Input options

Any of the following modes also accept --labels, which give the categories to colours points by in the output plots. This should be a tab-separated file with no header, the first column containing sample names, and the second column containing the labels for each sample.

There are two additional parameters for the distances:

--threshold THRESHOLD
                      Maximum distance to consider [default = None]
--kNN KNN             Number of k nearest neighbours to keep when sparsifying the distance
                      matrix.

Rather than using a full (dense) matrix of all pairwise distances, mandrake uses a sparse matrix, ignoring large distances. This uses significantly less memory without affecting results.

--kNN sets the number of distances to keep for each sample, which will be the \(k\) closest. Set \(k\) to a number smaller than the number of samples. Memory use grows linearly with \(k\). Setting \(k\) too small will miss global structure in the data.

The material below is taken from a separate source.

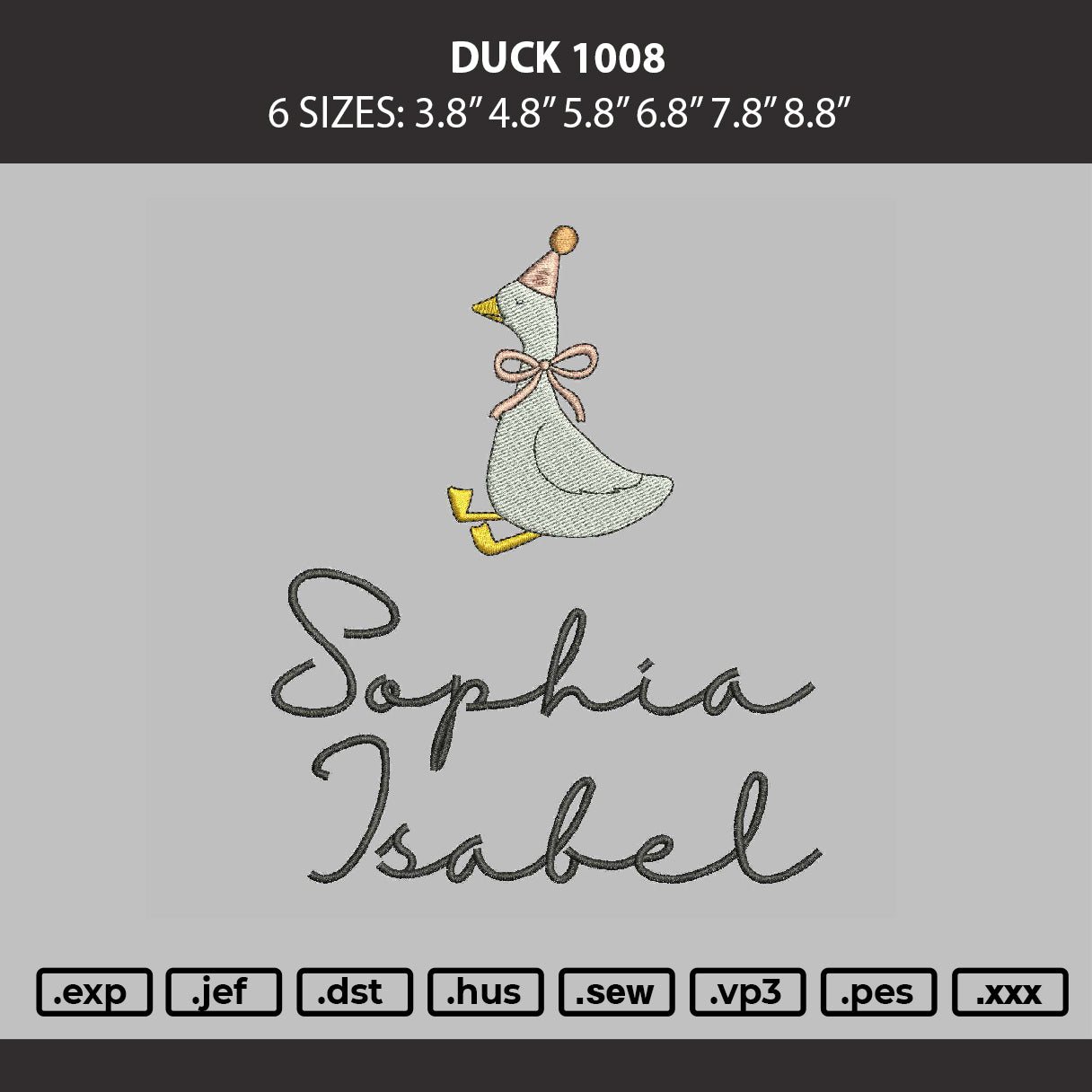 Duck 1008 Embroidery Machine Design File 6 sizes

--threshold instead picks a maximum distance that is considered meaningful, and larger distances will be removed from the input.

Multiple sequence alignment

Provide a multi-fasta alignment with --alignment. Distances will be calculated using a modified form of the pairsnp algorithm, and sparsified based on -kNN or --threshold.

If you are trying to align large numbers of sequences (e.g. SARS-CoV-2), the reference-guided mode of MAFFT may be helpful:

mafft --6merpair --thread -1 --keeplength --addfragments filtered_SC2.fasta \
nCoV-2019.reference.fasta > MA_filt_SC2.fasta

Sketch database (assemblies or reads)

Provide a pp-sketchlib database with --sketches, to calculate core and accessory distances between the sketches. Core distances are used by default, but add --use-accessory to alter this behaviour.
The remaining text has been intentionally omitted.